- _Task requirements_
With pictures left out, set down exactly the lines that begin at the one containing "Women's Script Cleveland" and end with the last line of the entries below.

- _Provided records_
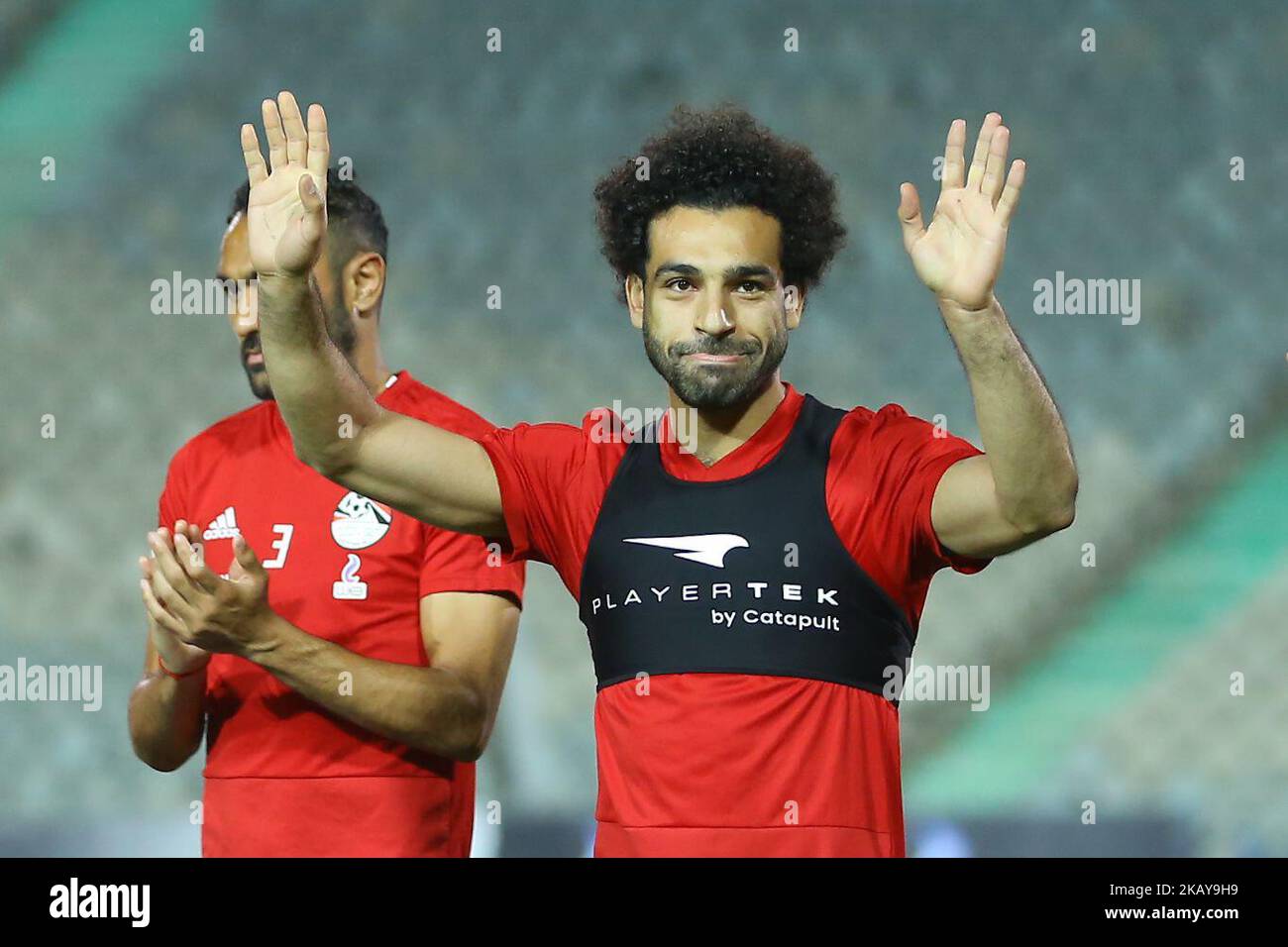 Il calciatore nazionale egiziano e l'attaccante Mohamed Salah di Liverpool partecipano alla sessione finale di allenamento allo stadio internazionale del Cairo, il 9 giugno 2018. La star del Liverpool Mohamed Salah si è rivolta per l'addestramento dell'Egitto al Cairo sabato prima della partenza dei Faraoni per la Coppa del mondo in Russia, ma non ha partecipato, ha testimoniato AFP. (Foto di Ahmed Awaad/NurPhoto) Foto Stock
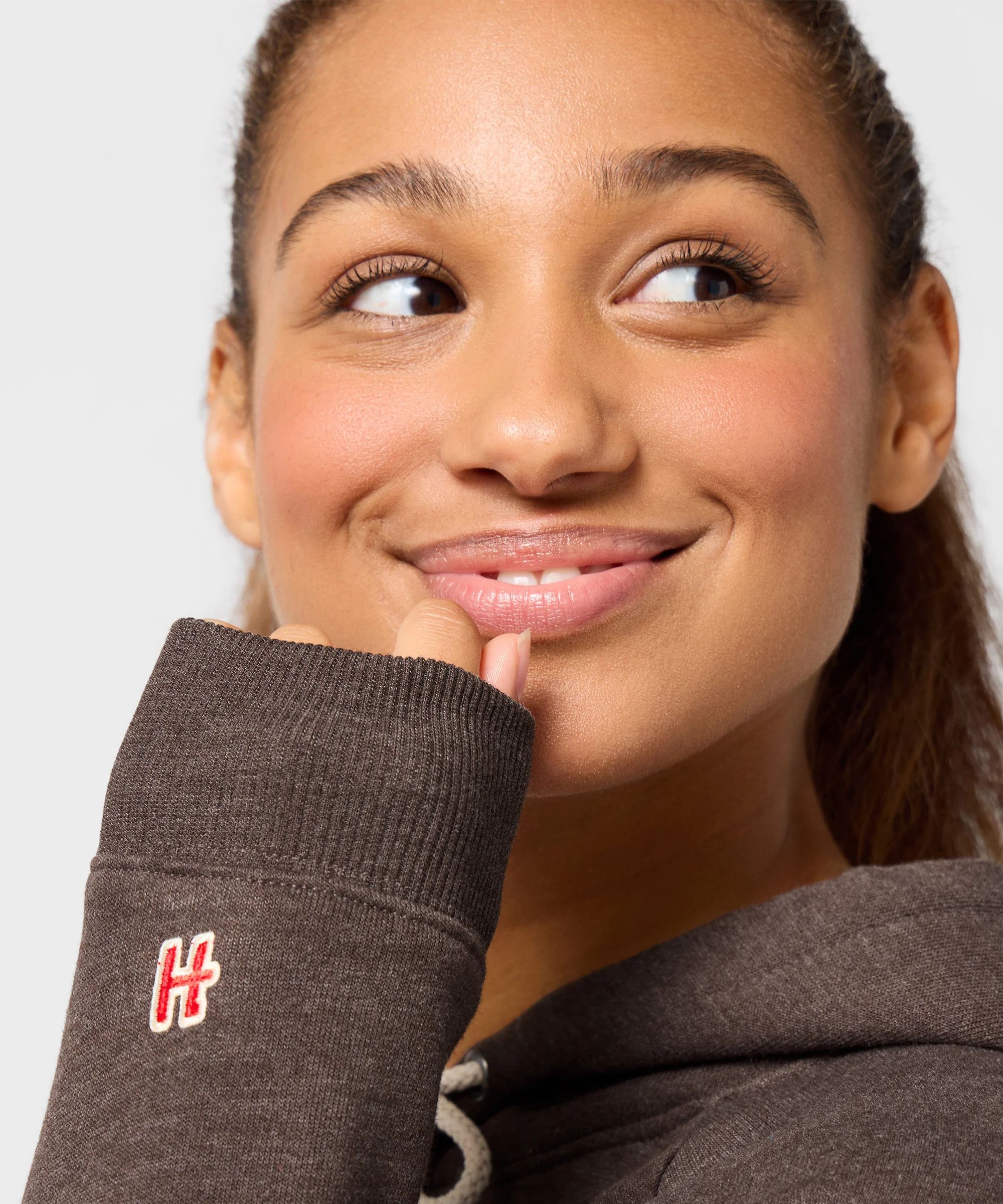 Women's Script Cleveland Browns Hoodie - Image 5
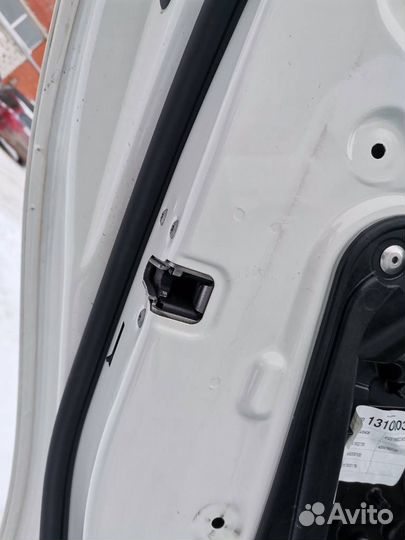 Замок двери задний левый Mercedes-Benz A-класс 2015 W176 270.910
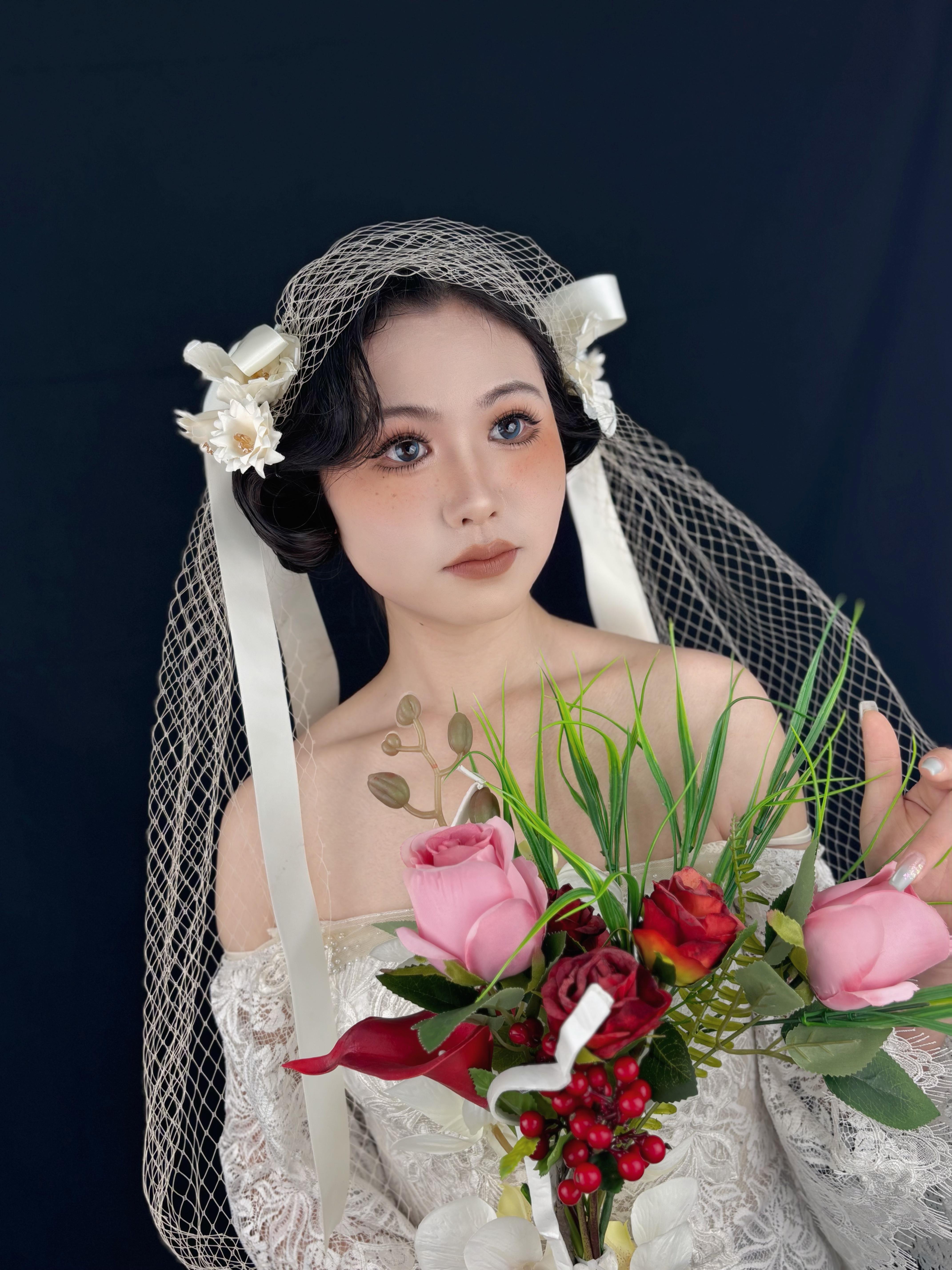 粉黛輕施，眉眼如畫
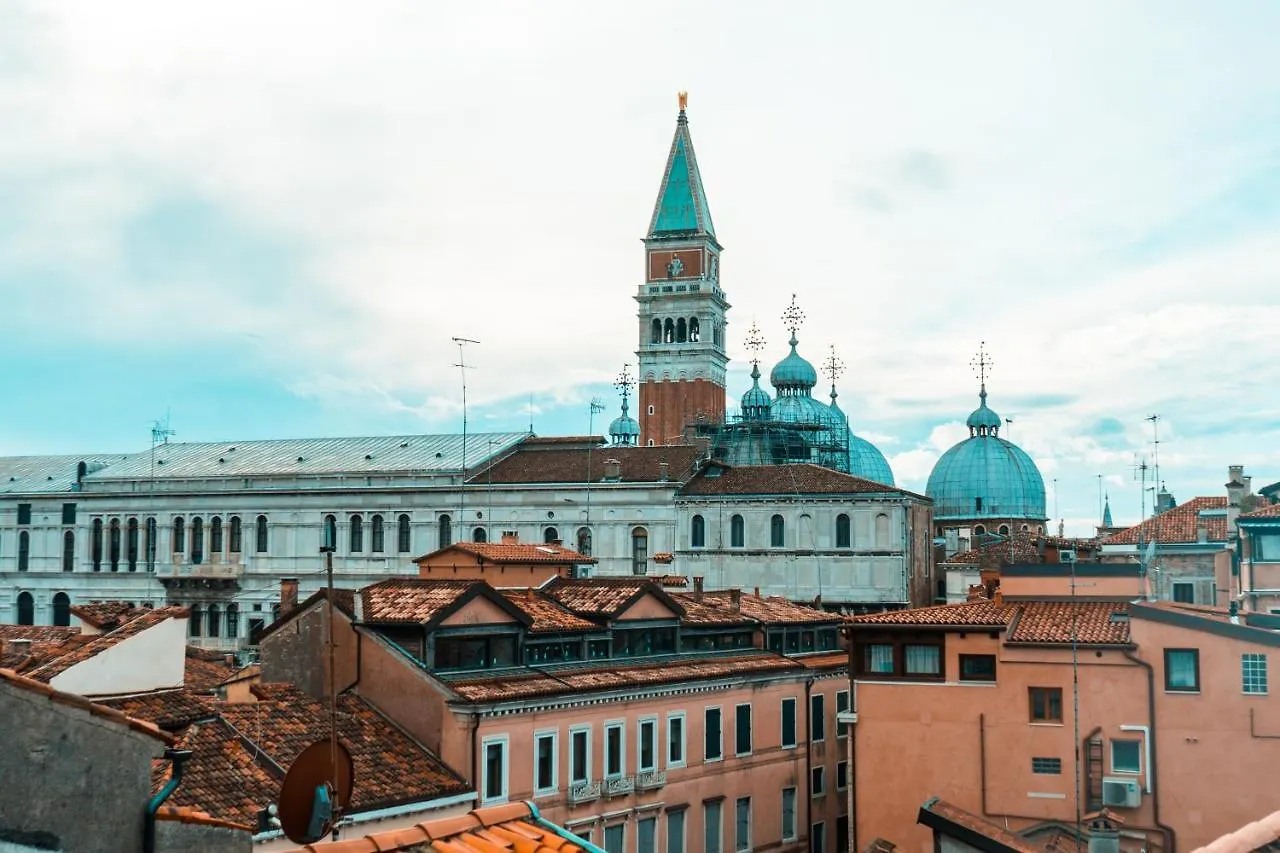 Elegant Terrace Apartment Near Piazza San Marco Last Floor No Lift Venedik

- _Response to this exercise_
 Women's Script Cleveland Browns Hoodie - Image 5
 Замок двери задний левый Mercedes-Benz A-класс 2015 W176 270.910
 粉黛輕施，眉眼如畫
 Elegant Terrace Apartment Near Piazza San Marco Last Floor No Lift Venedik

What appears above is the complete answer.